=== About this task ===
Across the whole listing, return each line exactly, with no images included.

=== Given data ===

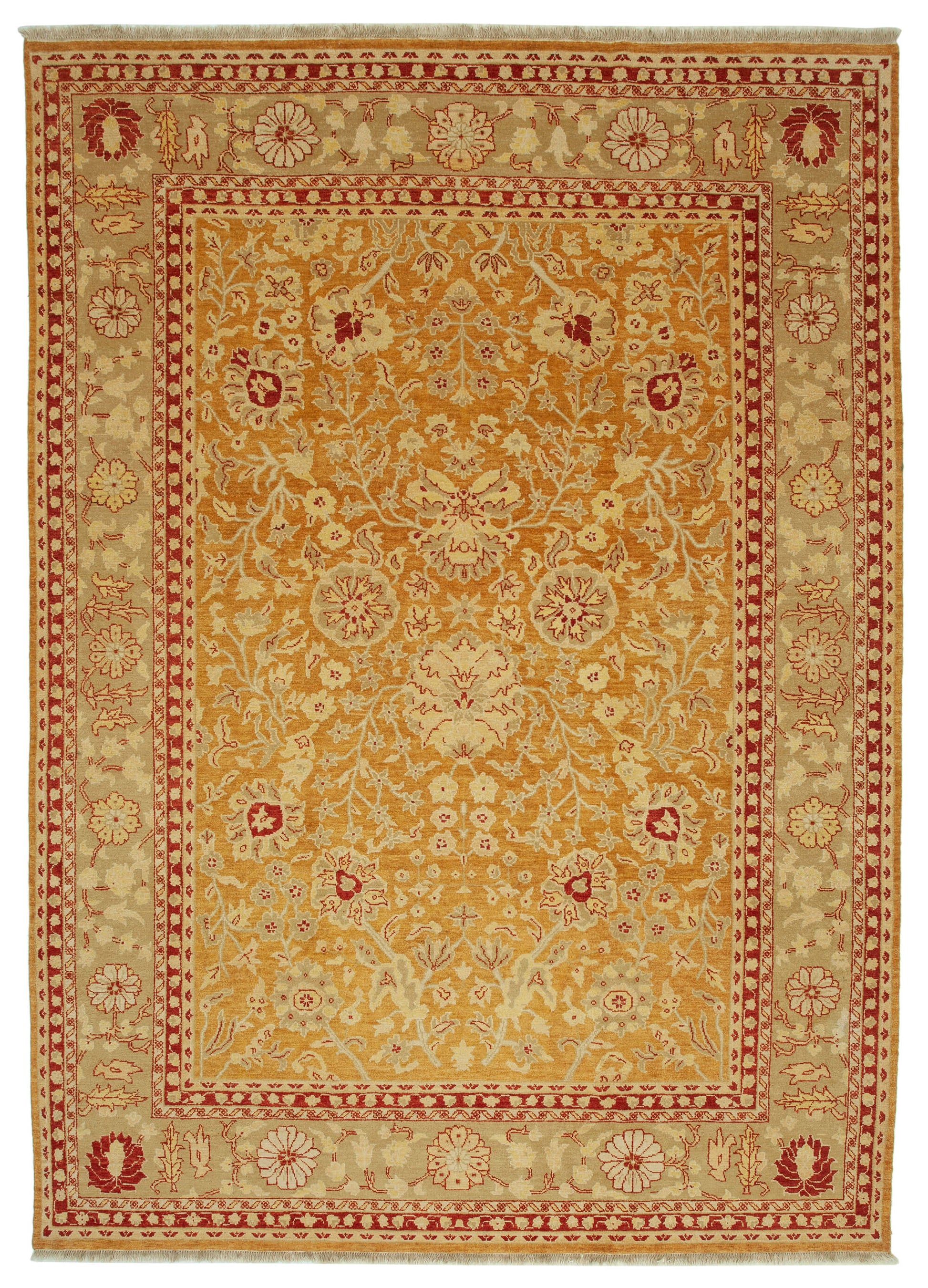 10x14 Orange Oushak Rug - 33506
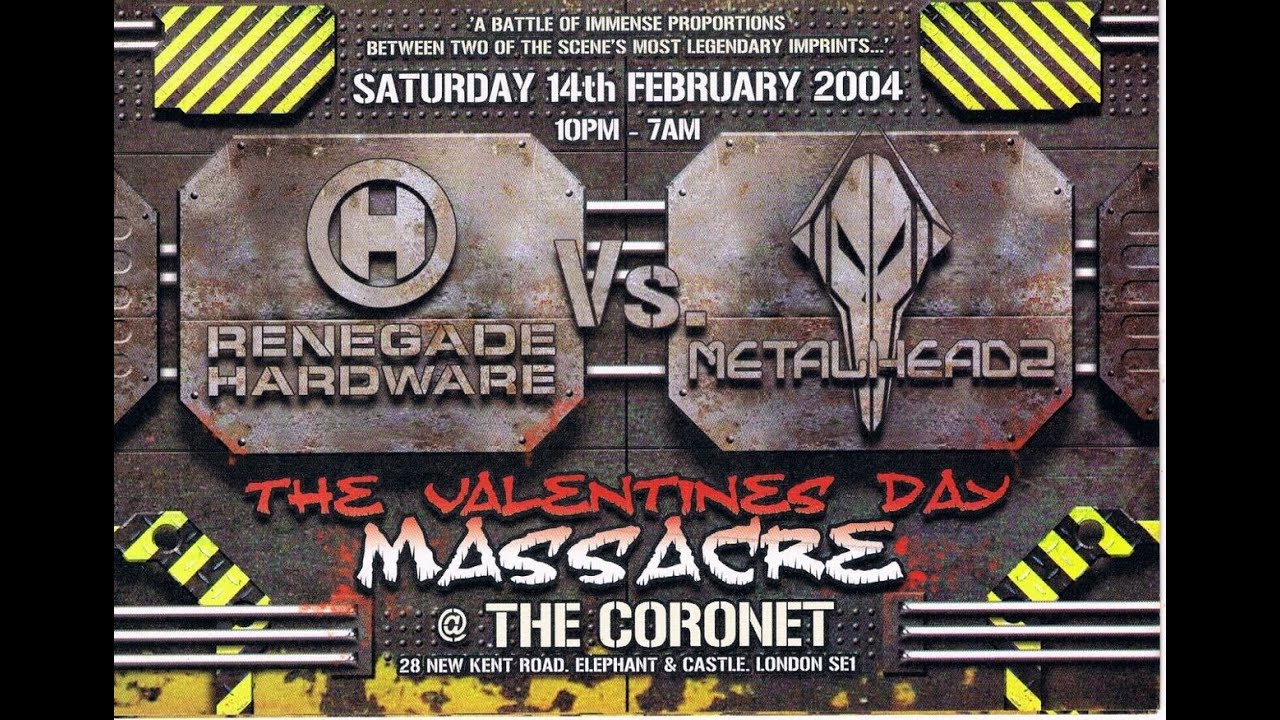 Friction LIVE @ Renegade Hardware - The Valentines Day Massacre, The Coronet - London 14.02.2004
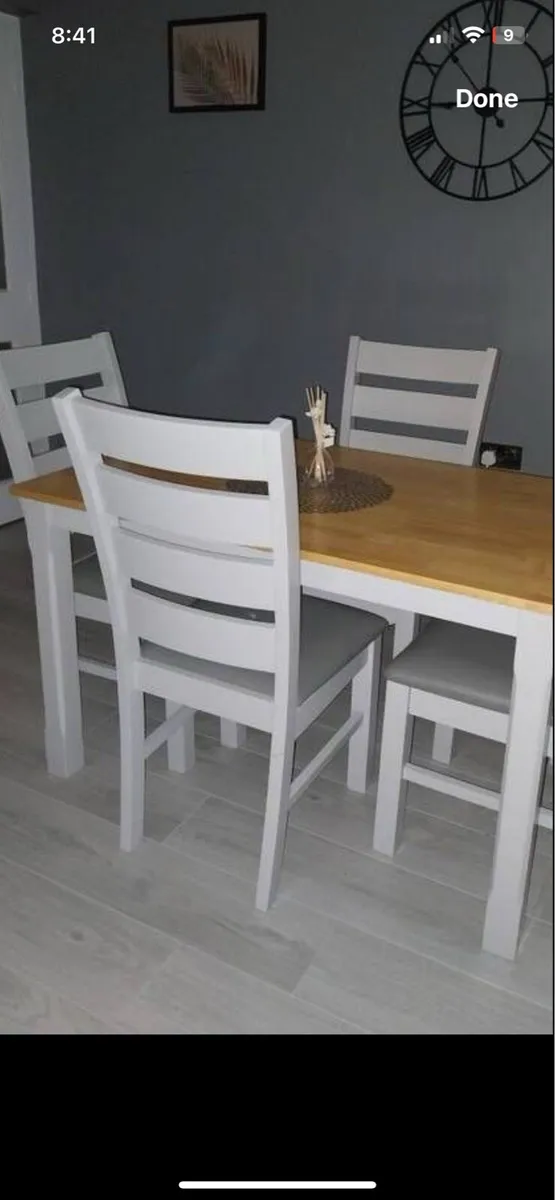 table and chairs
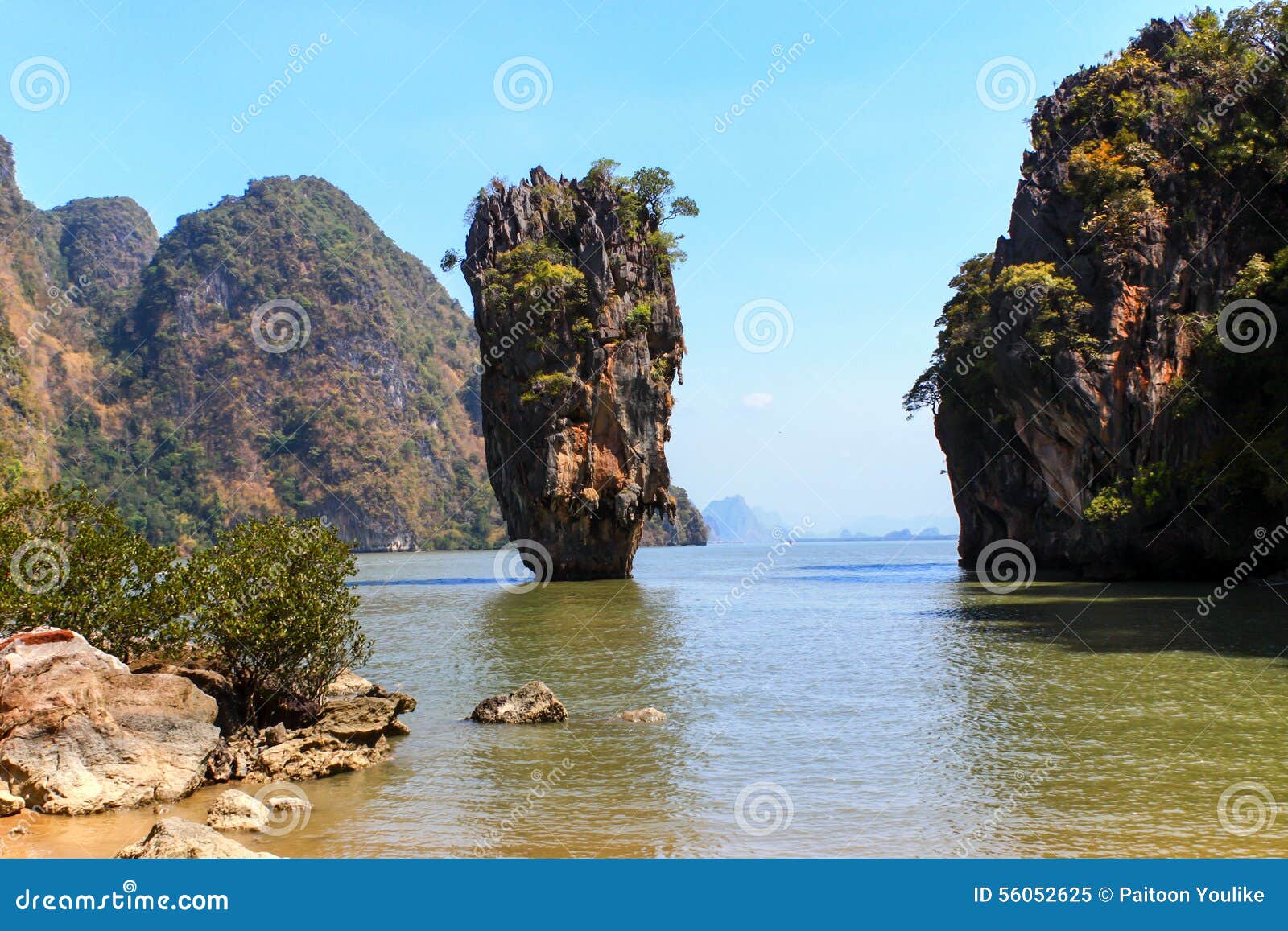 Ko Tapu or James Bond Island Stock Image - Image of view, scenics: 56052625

=== Result of this exercise ===
 10x14 Orange Oushak Rug - 33506
 Friction LIVE @ Renegade Hardware - The Valentines Day Massacre, The Coronet - London 14.02.2004
 table and chairs
 Ko Tapu or James Bond Island Stock Image - Image of view, scenics: 56052625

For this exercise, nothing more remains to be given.